By Cherri Gregg
PHILADELPHIA (CBS) — Philadelphia will host its first “hackathon” as part of President Obama’s “My Brother’s Keeper Initiative.” The goal is to get kids of color focused on coding.
Three days, where young people team up with professional software developers and innovators to create new technology, that is socially conscious.
“If you were to put Martin Luther King, Steve Jobs and Amelia Earheart in the same room– then you would get our hackathon,” says Kalimah Priforce, co-founder of Qeyno Labs and organizer of the “My Brother’s Keeper Hackathon.”
The White House recently named the tech guru a “Champion of Change” for hosting a Black Male Achievement Hackathon in Oakland.
Priforce’s organization is known for creating apps that tackle issues like human trafficking and mass incarceration. So, he’s bringing a similar initiative to Philadelphia, this time expanding outreach to boys and of girls of color.

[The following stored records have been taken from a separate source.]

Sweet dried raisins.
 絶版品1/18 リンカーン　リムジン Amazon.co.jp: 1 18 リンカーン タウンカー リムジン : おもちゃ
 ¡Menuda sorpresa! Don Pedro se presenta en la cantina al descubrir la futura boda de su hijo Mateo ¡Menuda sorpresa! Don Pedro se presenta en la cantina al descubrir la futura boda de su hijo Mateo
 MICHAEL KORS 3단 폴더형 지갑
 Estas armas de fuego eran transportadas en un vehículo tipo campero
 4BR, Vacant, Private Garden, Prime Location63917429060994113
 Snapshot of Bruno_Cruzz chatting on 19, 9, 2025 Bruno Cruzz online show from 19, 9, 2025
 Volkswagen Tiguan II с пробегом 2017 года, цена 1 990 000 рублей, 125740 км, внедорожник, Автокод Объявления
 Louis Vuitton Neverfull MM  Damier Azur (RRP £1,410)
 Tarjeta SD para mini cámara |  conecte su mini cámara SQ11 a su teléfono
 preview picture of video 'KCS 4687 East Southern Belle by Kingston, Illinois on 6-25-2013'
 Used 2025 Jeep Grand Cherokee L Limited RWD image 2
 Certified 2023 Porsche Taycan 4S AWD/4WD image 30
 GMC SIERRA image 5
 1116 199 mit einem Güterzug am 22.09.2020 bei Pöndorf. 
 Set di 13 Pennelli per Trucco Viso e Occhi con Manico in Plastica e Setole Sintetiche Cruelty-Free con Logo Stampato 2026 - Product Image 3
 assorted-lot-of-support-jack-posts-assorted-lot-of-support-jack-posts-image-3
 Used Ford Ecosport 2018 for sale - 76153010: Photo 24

“We want to improve the life outcomes of young men of color in how they approach computer science, how they approach coding as a lucrative future for them,” says Priforce. “But our hackathon is not about building the next 3 a.m. pizza, they get to be the producers of content, they get to be producers of the applications that the app is hosted on and they actually build something that addresses a problem or opportunity that they see in their community every day.”
The free hackathon takes place November 14-16th at the String Theory Charter School. And there’s still room for young people and developers to sign up. Go to www.mbkhack.com and sign up by November 14.
The “My Brother’s Keeper Hackathon” comes thanks to a partnership between the Mayor’s Office of Philadelphia and the Black Male Engagement Network.